Martin Dvořáček
- Country (sports): Czech Republic
- Born: 15 November 1972 (age 52) Brno, Czechoslovakia

Singles
- Highest ranking: No. 717 (31 July 1995)

Doubles
- Career record: 0–1
- Highest ranking: No. 409 (10 July 1995)

Medal record
Universiade
| Silver medal – second place | 1993 Buffalo | Men's doubles |
| Silver medal – second place | 1997 Catania | Men's doubles |

= Martin Dvořáček =

Czech tennis player (born 1972)

Martin Dvořáček (born 15 November 1972) is a Czech former professional tennis player.

Born in Brno, Dvořáček made appearances on the satellite tour during the early 1990s.
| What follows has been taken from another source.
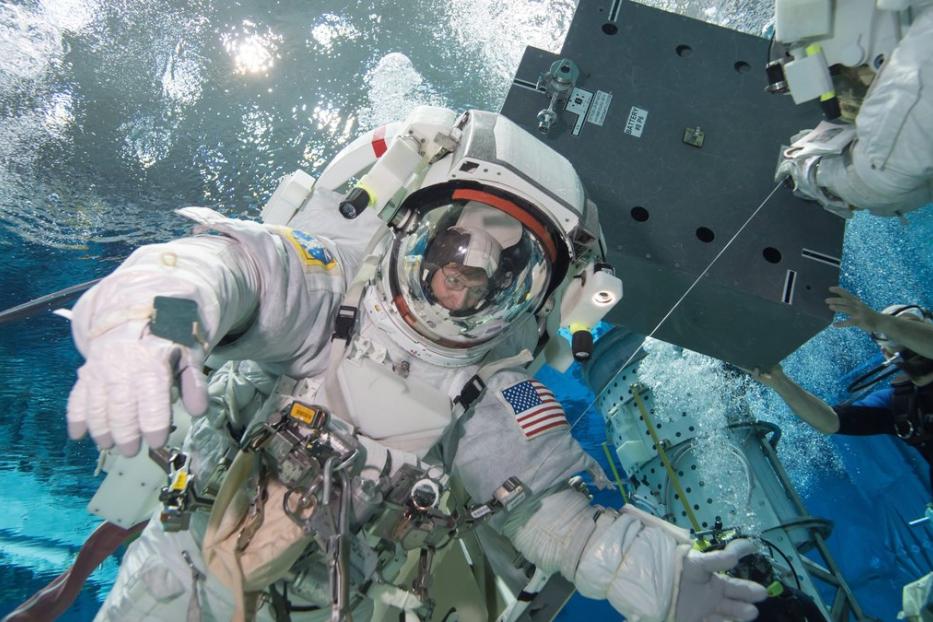 Ein Astronaut trainiert in einem Raumanzug unter Wasser.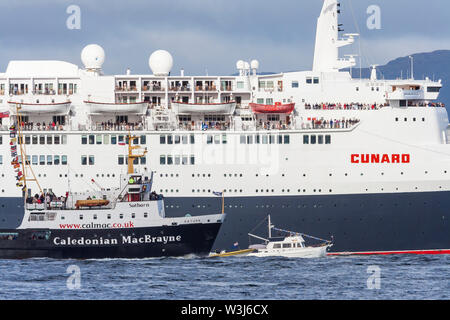 QE2 segelt den Firth of Clyde während des Finales hinauf Besuch in Schottland neben der kaledonischen MacBrayne Fähre Saturn in Großbritannien Stockfoto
Dvořáček joined Oklahoma State University in 1996 and formed a doubles partnership with countryman Pavel Kudrnáč which would top the collegiate rankings. He was a two-time doubles silver medalist at the World University Games.

Following his time in Oklahoma he ended up in New York and was a local wildcard entrant in doubles for the 2001 Hamlet Cup, an ATP Tour tournament on Long Island.

Dvořáček is married to former professional tennis player Veronika Dvořáčková (nee Šafářová) and both teach tennis at The Powelton Club in Newburgh, New York. His sister in law is Lucie Šafářová.